Tripoli residents await the results of a Syrian presidential election that threatens to roil sectarian tensions

Tripoli residents await the results of a Syrian presidential election that threatens to roil sectarian tensions

The hilly neighborhood of Jabal Mohsen is seen above the area of Bab al-Tabbaneh, in the city of Tripoli. (Credit: João Sousa/L’Orient Today)

TRIPOLI — In Tripoli’s Bab al-Tabbaneh and Jabal Mohsen neighborhoods, Wednesday’s presidential election in Syria has raised the specter of a return to a time that most residents of the once-warring quarters would prefer to forget.

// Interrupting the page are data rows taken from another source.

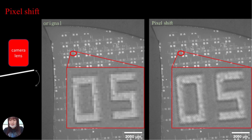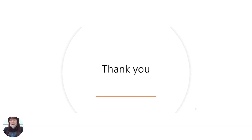Pixel shift is particularly useful in photography, image acquisition, and applications requiring high-resolution images, as it reduces noise. This concludes my presentation. Thank you.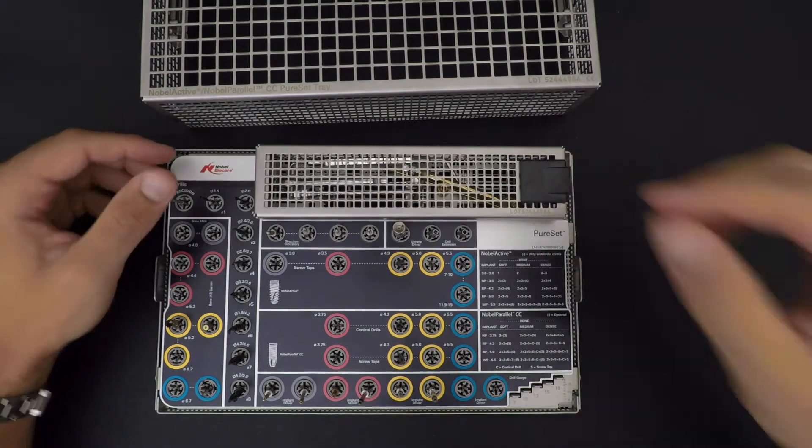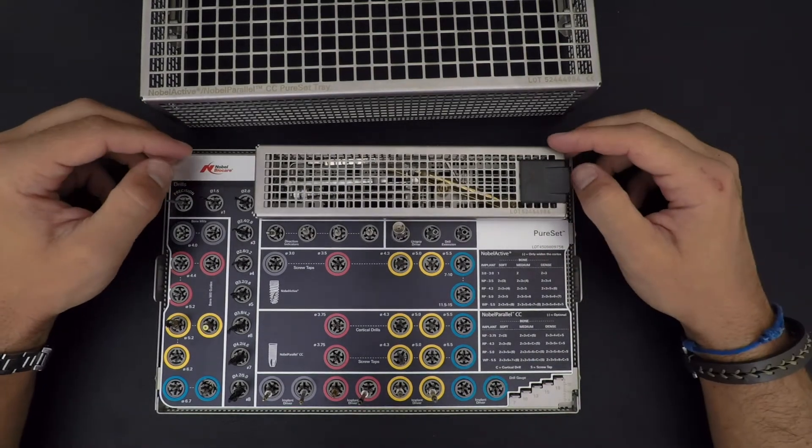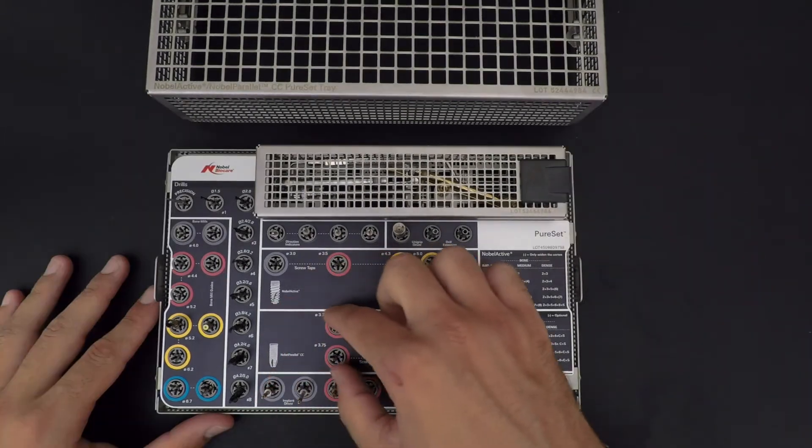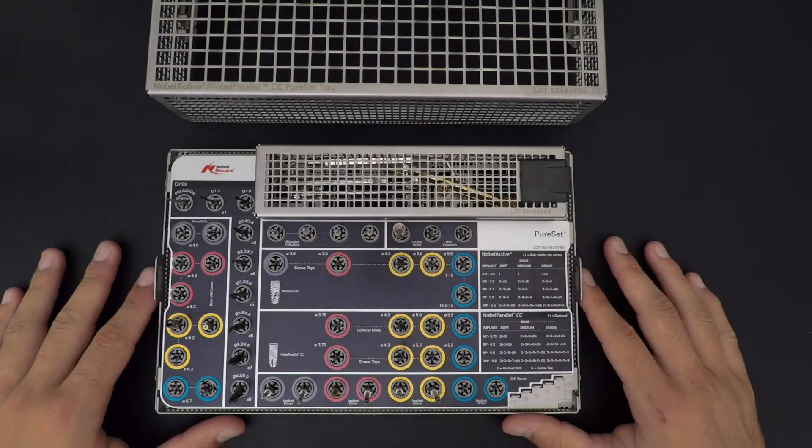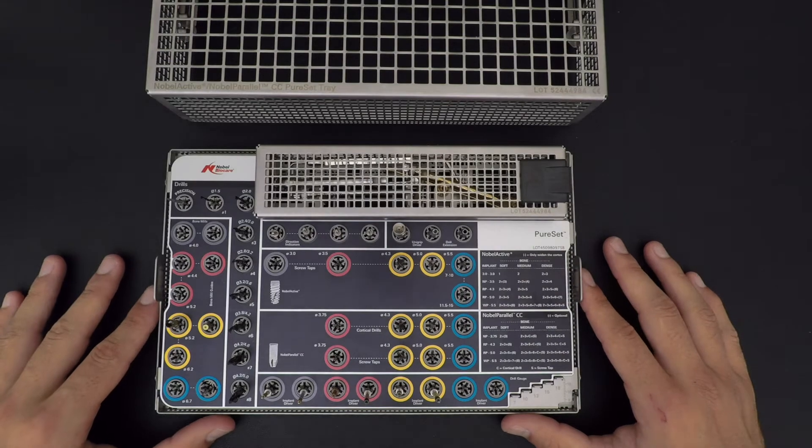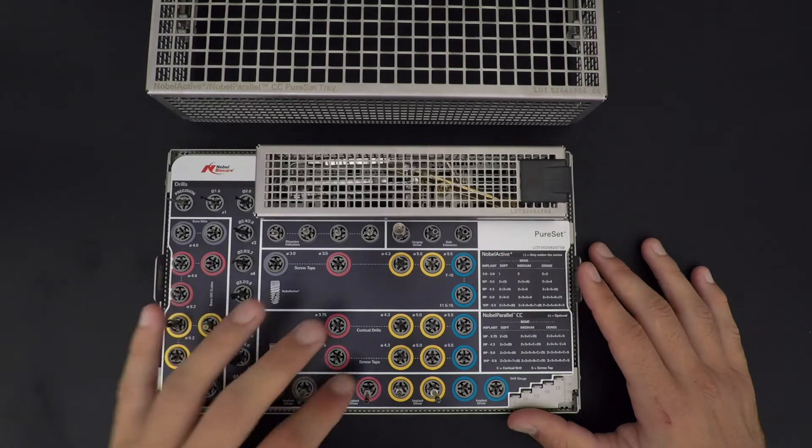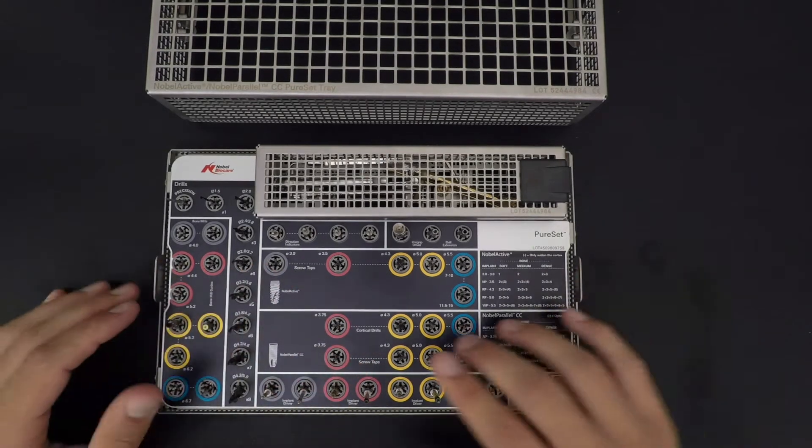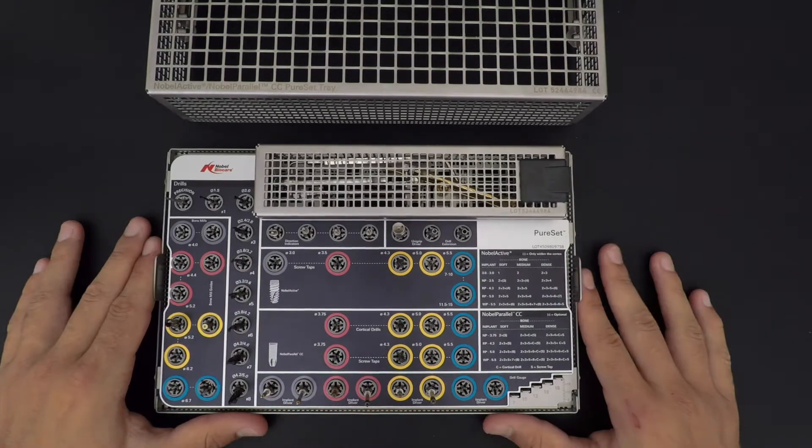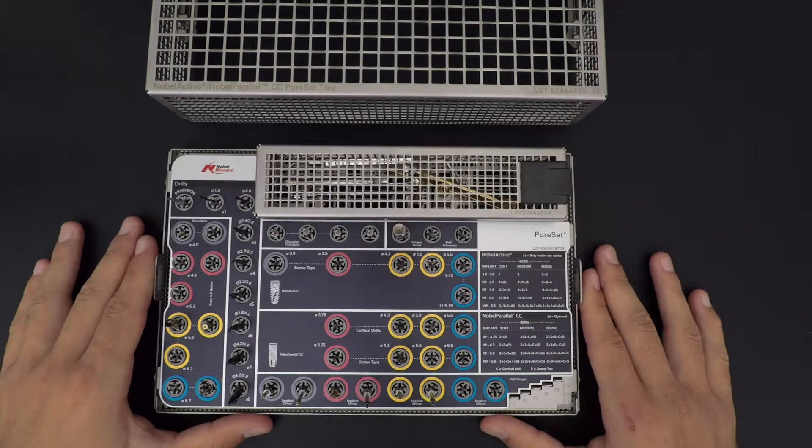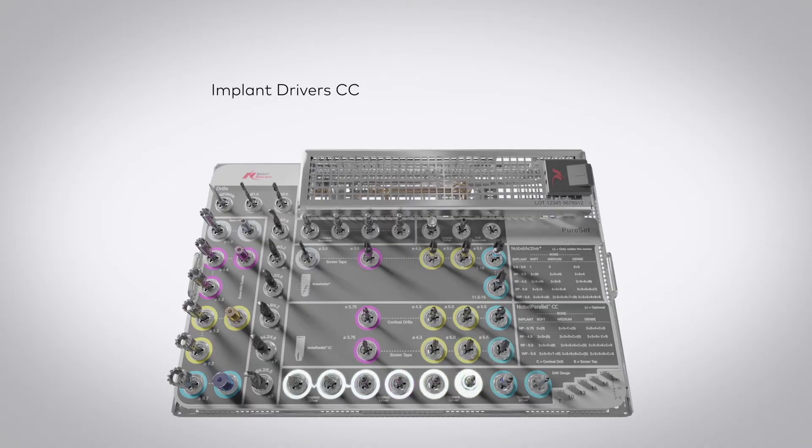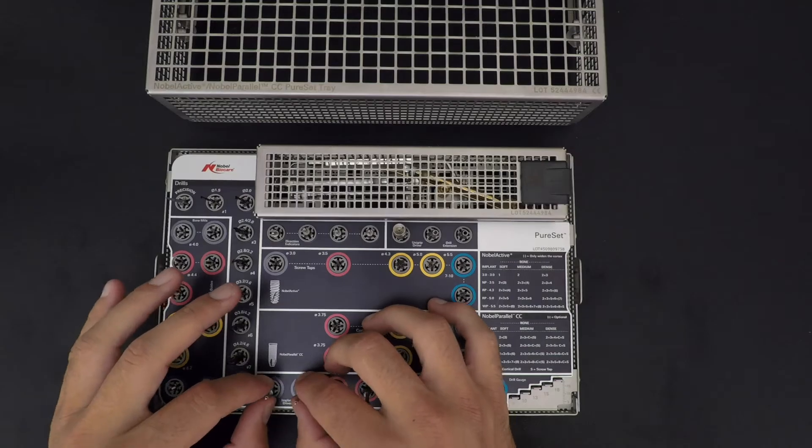Noble Parallel has two special drills: we got the cortical drill and the screw tap. At the bottom of the tray, we got our implant driver. For each implant platform, we got a short and a long driver.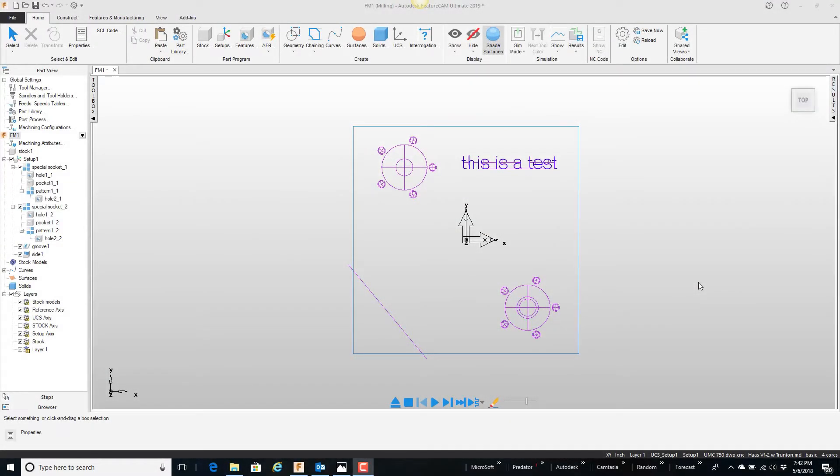In this video, we're going to talk about making some changes using the operations list. I have this part here on the screen that has a bunch of tools,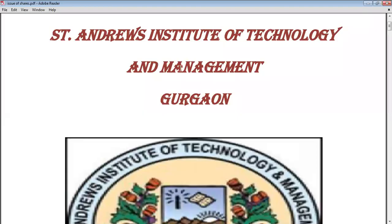Hello students, I am Vargi Kamal, Assistant Professor at St. Andrews Institute of Technology and Management. I am back in continuation of the online lecture series on company accounts subject. So let's start.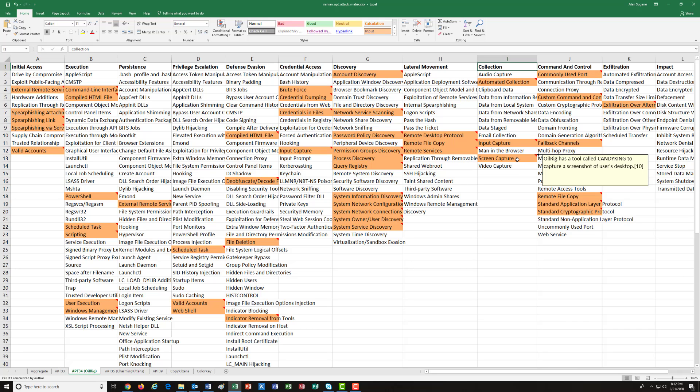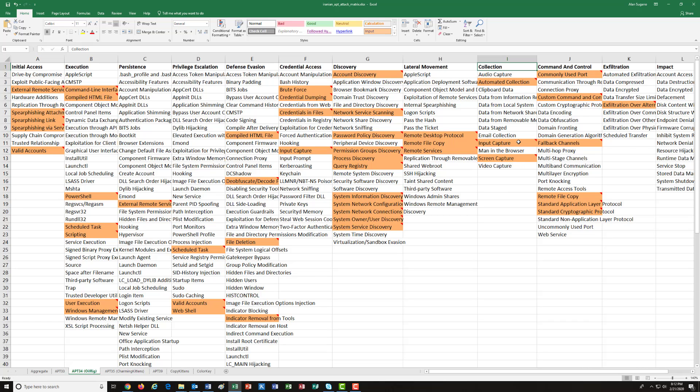Probably the best countermeasure against these types of collection utilities is application whitelisting. If the application isn't on that whitelist, like CandyKing or KeyPunch or LongWatch or some of the other collection tools, they're just not going to run.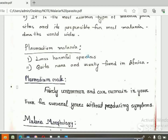Plasmodium has four types of parasite. Some can remain in your liver for several years without producing symptoms.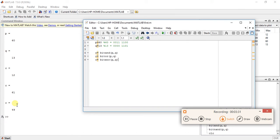And for bitxor, the operation is the same as AND and OR. Do it yourself using the truth table of XOR. So this is it for now — do like, share, subscribe, and comment below. Thanks for watching.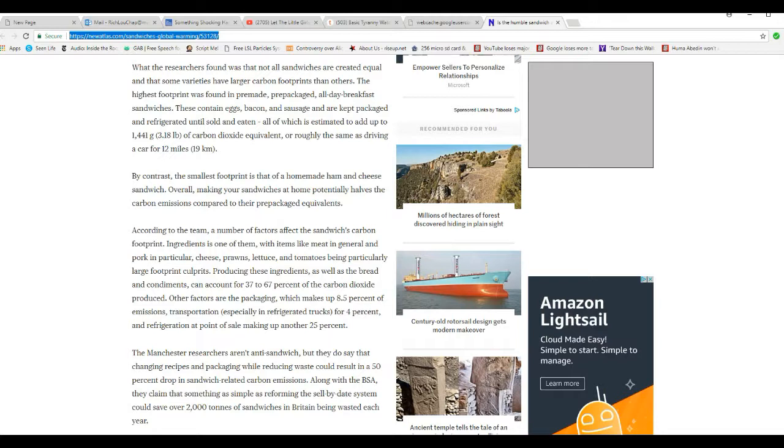According to the team, a number of factors affect the sandwich's carbon footprint. Ingredients is one of them, with items like meat in general and pork in particular, cheese, prawns, lettuce, and tomatoes being particularly large footprint culprits. So now we can't eat lettuce, we can't eat tomatoes, cheese, prawns.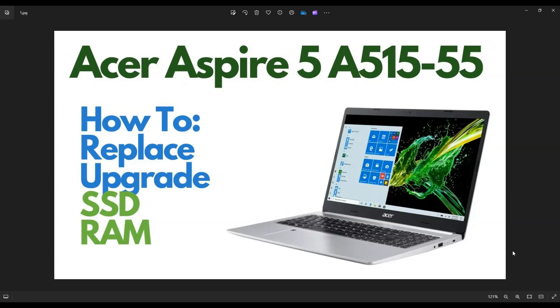Hey guys, my name is Jamin. Thanks so much for visiting my channel. In this video, I have an Acer Aspire 5 A515 series laptop. I'm going to show you how to get in to access your storage and your memory if you need to replace it or upgrade it.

The normally bustling Syria Street, which divides the two neighborhoods, was nearly empty. A larger-than-usual number of army patrols were making the rounds. Meanwhile, the United Nations advised its staff that missions to north Lebanon would be suspended as of Thursday due to “increasing tension and exchanges of rhetoric between [groups] pro and anti the Syrian regime.”

“Today and yesterday there are people who left their houses, afraid,” 23-year-old Haidar Senna, who lives in Jabal Mohsen but works in Bab al-Tabbaneh as a pigeon keeper, told L’Orient Today. “There are people who went up to their villages and won’t come back for a month, until the situation completely calms down.”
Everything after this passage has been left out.